TheFlood117 comes to mind.


----------



## The Middleman (Apr 30, 2012)

You've wisely written off your marriage so there really is no downside to further exposure. I say that as long as you are stating facts .... and as long as you have the evidence to back yourself up .... Go For The Gold. Take them both out.


----------



## lifeistooshort (Mar 17, 2013)

manticore said:


> do it, and tell him that you managed the information related to his JOB under whatever moral compass you have, and you felt he was being fraudelent to the company interests, and your moral compass ureged you to intervene.



This.
_Posted via Mobile Device_


----------



## 3putt (Dec 3, 2012)

GusPolinski said:


> TheFlood117 comes to mind.


Yep, and Malcolm as well.


----------



## GusPolinski (Jan 21, 2014)

3putt said:


> Yep, and Malcolm as well.


Hmm, don't remember Malcolm. I'll have to look that up. And obviously wranglerman's recent thread comes to mind as well.

There was another guy here a while back, though... OM was pissed off w/ him for wrecking things w/ his own wife, so he walked into the OP's office and tossed a USB stick w/ a bunch of pics of WW/OM bumping uglies at him. OP sent copies to OM's BW and she used it to bend OM over a barrel in the ensuing divorce.

What a dumb f*ck.


----------



## Forest (Mar 29, 2014)

Everyone deserves to know the truth, whoever they are. How can spreading truth ever be wrong?

For that matter, how can blowing up a POSOM ever be wrong? Let him suffer.


----------



## 3putt (Dec 3, 2012)

GusPolinski said:


> Hmm, don't remember Malcolm. I'll have to look that up. And obviously wranglerman's recent thread comes to mind as well.
> 
> There was another guy here a while back, though... OM was pissed off w/ him for wrecking things w/ his own wife, so he walked into the OP's office and tossed a USB stick w/ a bunch of pics of WW/OM bumping uglies at him. OP sent copies to OM's BW and she used it to bend OM over a barrel in the ensuing divorce.
> 
> What a dumb f*ck.


Yeah, I remember that mess.

Here's Malcolm's thread. I started it at his update after exposing to her bosses.

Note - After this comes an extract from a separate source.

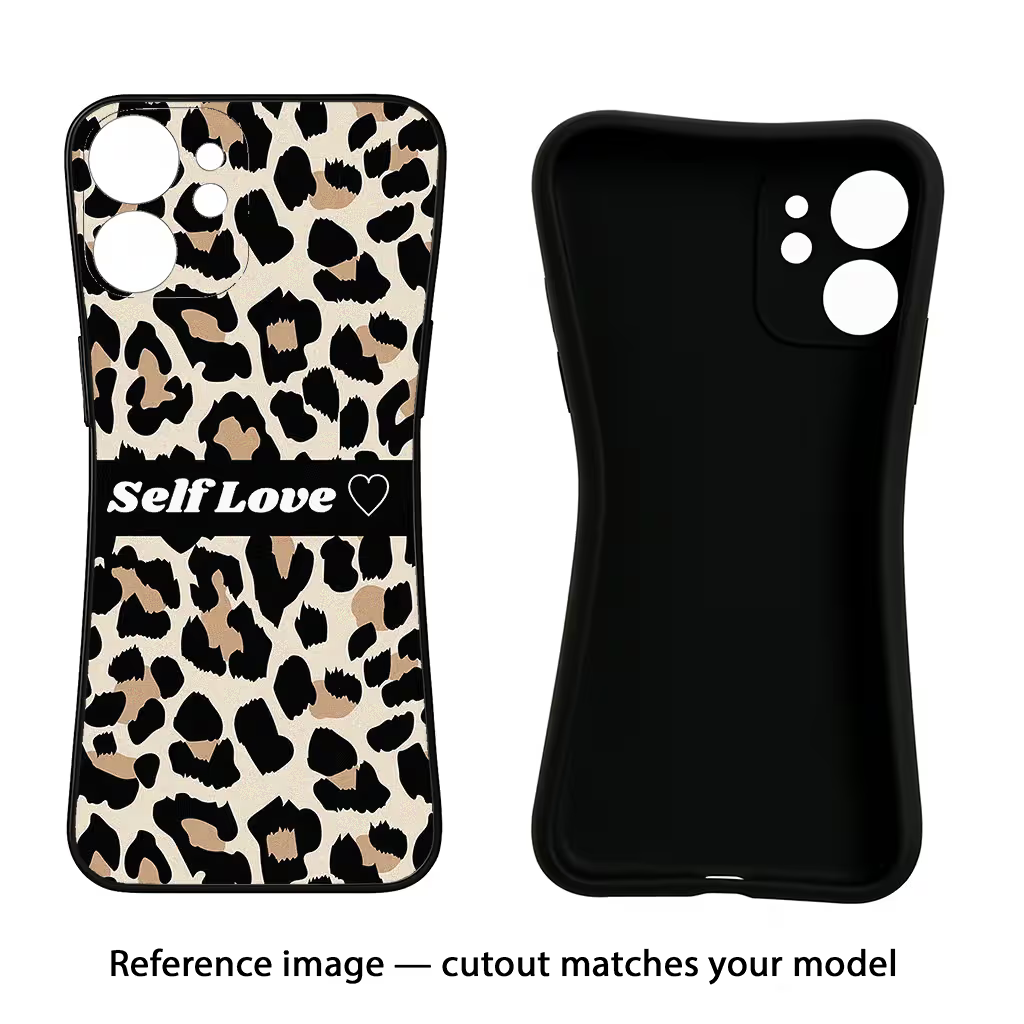 Leopard Print Self Love Samsung A56 5G Black Soft Case Back Cover by Casekaro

http://talkaboutmarriage.com/coping...g-affair-i-asked-her-leave-without-me-11.html


----------



## EleGirl (Dec 3, 2011)

If your wife loses her job, you will most likely be paying her spousal support until she gets a new job. If her new job is substantially lower in pay you might need pay her enough support long term to make up the difference. 

Most, if not all, states have interim spousal support until the divorce is final. Many have spousal support after divorce.

Make sure that you are willing to pay a huge sum of money for the please of making her collateral damage.


----------



## GusPolinski (Jan 21, 2014)

3putt said:


> Yeah, I remember that mess.
> 
> Here's Malcolm's thread. I started it at his update after exposing to her bosses.
> 
> http://talkaboutmarriage.com/coping...g-affair-i-asked-her-leave-without-me-11.html


Ah. I vaguely remember this thread. I hope he's doing well.


----------



## TRy (Sep 14, 2011)

manticore said:


> do it, and tell him that you managed the information related to his JOB under whatever moral compass you have, and you felt he was being fraudelent to the company interests, and your moral compass ureged you to intervene.


 :iagree:
With the other man having the nerve to tell the OP not to tell the OM's wife because it was the OM's responsibility "to manage his own relationship under whatever moral compass he has", this response gave me a smile in a otherwise bad situation. It always gets me when the OM is so self-center that after secretly invading and destroying the cheated on spouse's marraige, the OM actually expects the cheated on spouse to be concerned with the OM's marital boundaries and to respect the secret of the affair.


----------



## just got it 55 (Mar 2, 2013)

GusPolinski said:


> I'd blow them the f*ck up.
> 
> Both. Of. Them.


As they say Down East

Fvck em and feed em beans

55


----------



## HarryDoyle (Jan 19, 2013)

Weigh all your options, then










*Nuke em til they glow*


----------



## aug (Aug 21, 2011)

Since the affair started at the workplace, are there any legal damages you can claim against the company? Perhaps you should explore that with a few lawyers and see what their opinions are.

I would think even a letter from a lawyer threatening a lawsuit would do wonders.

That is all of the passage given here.